Saturday, February 27, 2016

Metropolitan Opera Preview: Don Pasquale

The Met brings back Donizetti's comedy of love, marriage and other disasters.
by Paul J. Pelkonen
Ambrogio Maestri (seated) and Levante Molnár ham it up in Don Pasquale.
Photo by Marty Sohl © 2016 The Metropolitan Opera.
The Met's last revival of Don Pasquale burned the house down. Now, a new cast led by Eleonara Buratto makes her Met debut and tenor Javier Camarena rises from the ashes. Mega-baritone Ambrogio Maestri sings the title role.


Gaetano Donizetti's Don Pasquale is one of the great opera comedies, filled with memorable melodies, a momentous title role and one of the fieriest heroines in opera buffa. And yet, the work has never quite made the front rank of opera comedies, falling just behind L'Elisir d'Amore and La Fille de Regiment. The title role is one of the greatest buffo roles for a baritone, filled with rich comic opportunities. And Norina, the heroine can be a star-making part. Here, Eleonara Buratto makes her met debut.

This is the classic story of a young suitor who is being prevented from getting married by his geriatric, randy and (very) single uncle. The marriage is saved by his fiancee Norina, an actress who pretends to be the Don's ideal bride (submissive, weak-willed and mild) until the wedding takes place. At that point, she turns into a spend-thrift domineering shrew.
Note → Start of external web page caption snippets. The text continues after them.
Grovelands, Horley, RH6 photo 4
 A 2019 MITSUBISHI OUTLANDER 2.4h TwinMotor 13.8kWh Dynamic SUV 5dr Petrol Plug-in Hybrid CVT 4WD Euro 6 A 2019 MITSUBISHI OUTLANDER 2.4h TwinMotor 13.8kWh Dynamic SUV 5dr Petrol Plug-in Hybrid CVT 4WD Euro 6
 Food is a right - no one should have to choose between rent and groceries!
This story was used for a number of operas (including Richard Strauss' little-known comedy Die Schweigsame Frau) but in the end it is Don Pasquale that has endured.

This is a Metropolitan Opera revival of the classic, elaborate production of Otto Schenk, putting this intimate comedy in big. elaborate sets redolent of the Italian Renaissance. This is one of the last of Mr. Schenk's Met productions that is still in the company's repertory.





Don Pasquale returns to the Met on March 4, 2016.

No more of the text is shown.